# a new humility for me



## science

In the past I'd aspired to participate in discussions of classical music as an equal among equals, and to see all other participants treated the same way. 

As a result of this desire, I suffered. I saw people who didn't know the right way to talk about classical music treated with condescension, and it angered me. 

A veteran of several years of discussions on classical music boards, I personally know the ropes well enough to avoid the main faux pas, so that I have rarely in recent years been the direct object of such condescension, but it hurt me to see other people treated that way. 

People are rarely honest about the attitudes I'm about to express, so I worry that they will seem like sarcasm, but please believe that I am expressing my genuine aspirations. 

I now aspire to accept my own place in the classical music hierarchy. I am about as low as it gets. I enjoy most recordings of most classical music. I don't have a preference between HIPPI or traditional performance. I enjoy many compositions officially condemned as conservative, mediocre, or even poor about as much as compositions officially considered great. If someone asked me why JS Bach is greater than CPE Bach, for an answer I could only repeat what I have read in books. I enjoy every period of music from medieval to contemporary; I enjoy jazz almost as much as I enjoy classical music, and a lot of other traditions of music (blues, rock, "world" music, classical crossover, old country, R&B) almost as much as I enjoy jazz. Worst of all, I confess that I can even enjoy "light" music or "pops." The Vienna New Year's concerts are not painful for me. If not for a few years of experience, it could be me asking how to enjoy a certain style of music. It could be me expressing a proscribed opinion. 

I ought like other classical music fans to take a position in the modernism battles and defend it with spite and scorn for the other side. I ought to detest most recordings even of music that I love; I ought to place myself in judgment of the world's greatest musicians, dismissing or praising their performances according to my whims. With attitudes like these, I would fit in with other classical music fans. 

But I am sorry, I cannot do it. I am the trodden upon, and I deserve it. I surrender my attempt to protest that my approach to the music is as valid as anyone else's; I now accept the community's judgment that it is not. Not only do I do it wrong, the error is a part of who I am. 

If I had greater self-control, I would leave this music to my superiors who have done so much to enable me to become conscious of my station. Alas, I cannot leave the music because even if I love in the wrong ways, I love it. 

I must therefore accept a permanently inferior station among the fans of the music that I love. I must most of all learn not to chafe against the reminders of my inferiority, or against the reminders of other people's inferiority. 

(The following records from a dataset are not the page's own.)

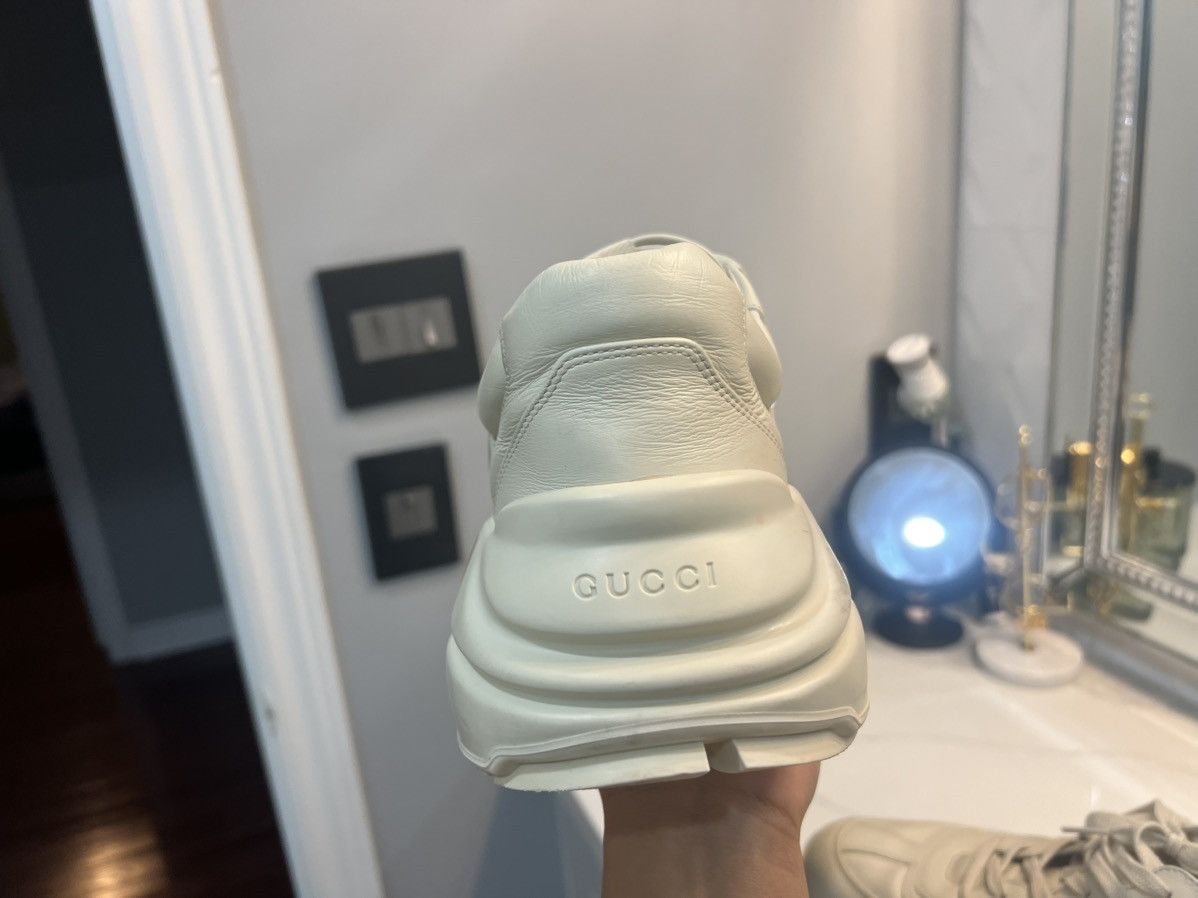 Gucci MEN'S RHYTON TRAINER WITH GUCCI LOGO Size US 10 / EU 43 - 14 Thumbnail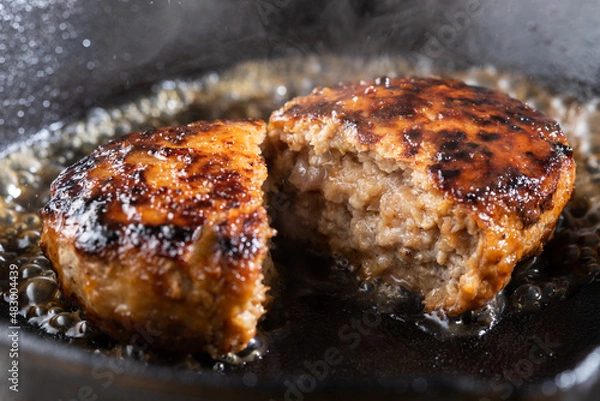 Obraz 湯気の立つジューシーなハンバーグステーキ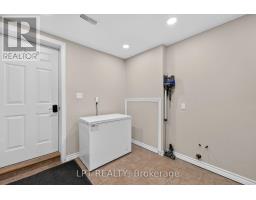 7806 Alfred Crescent, Lambton Shores, ON N0M2L0 Photo 35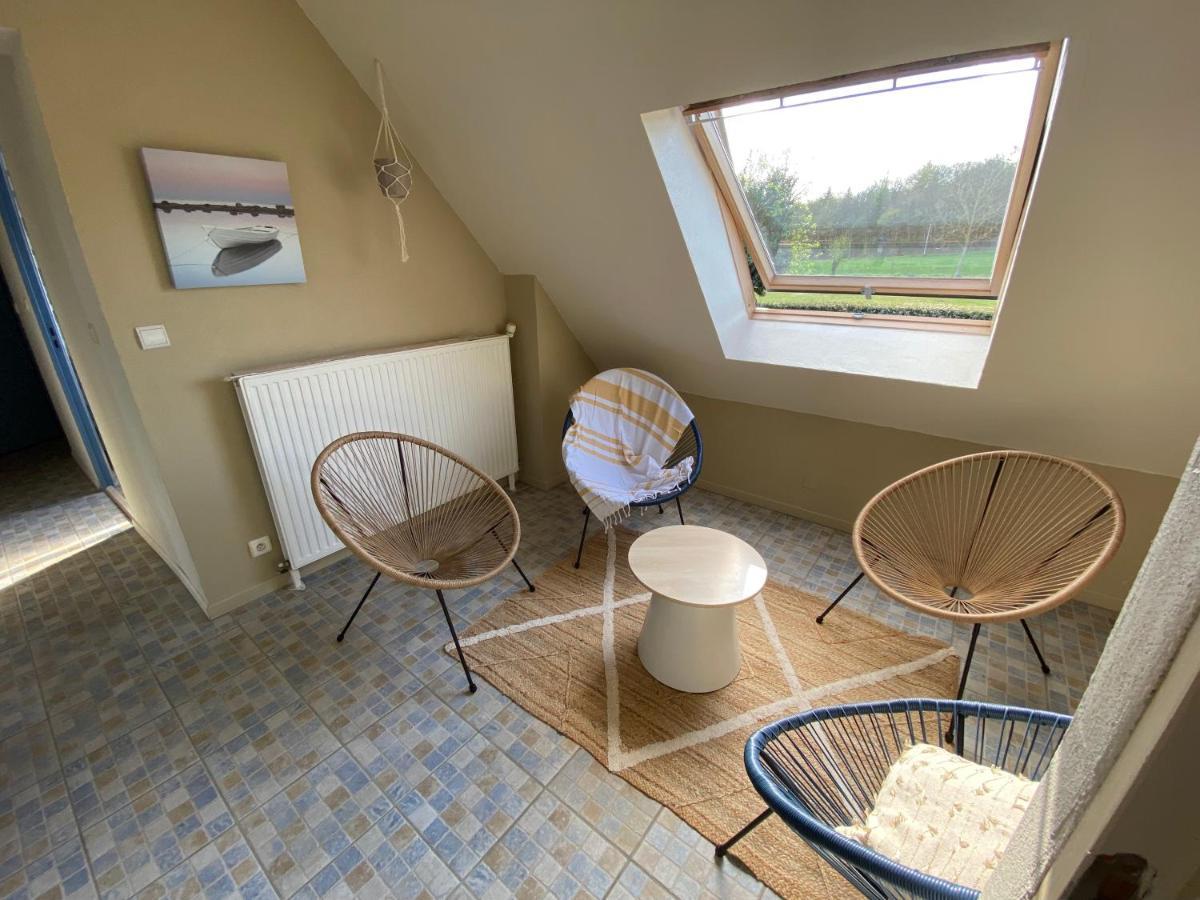 La Pichonniere Bed & Breakfast Isigny-le-Buat Eksteriør bilde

In general this is part of a bigger phenomenon - the return of the rentier class. Although the cultural elite and the wealth/power elite have not yet realigned, it is only a matter of time, and I may as well cultivate the attitudes toward the former that self-preservation will require towards the latter. I submit to my betters. There is no need for pepper spray, tasers, mace, tear gas, riot gear. I would ask to be left in peace, but I cannot help savoring an occasional glance inside the palace, and I endeavor to accept the punishments for my insolence with equanimity.


----------



## SeptimalTritone

Hey science...

I respect you a lot. I consider you a friend, and I look up to you.

It pains me to see you in so much distress. I also read your recent comment on turning people off to music and... I sympathize with your feelings. But... starting an argument is never the answer. It just makes things worse.

Generally, when a new member on TC says something like "modern music sucks it's math music with no emotion" the best thing you can do is to point him in a listening direction. Some pieces are more accessible than others... so sometimes you need to "work your way up" to Webern, Boulez, Berio, etc. by listening to Brahms, Mahler, Stavinsky, Schoenberg, etc. I always give the beginners easier recommendations to get their feet wet. Often times, they don't like those pieces too! If that's the case, so be it... there's not much you can do but encourage them to try again later.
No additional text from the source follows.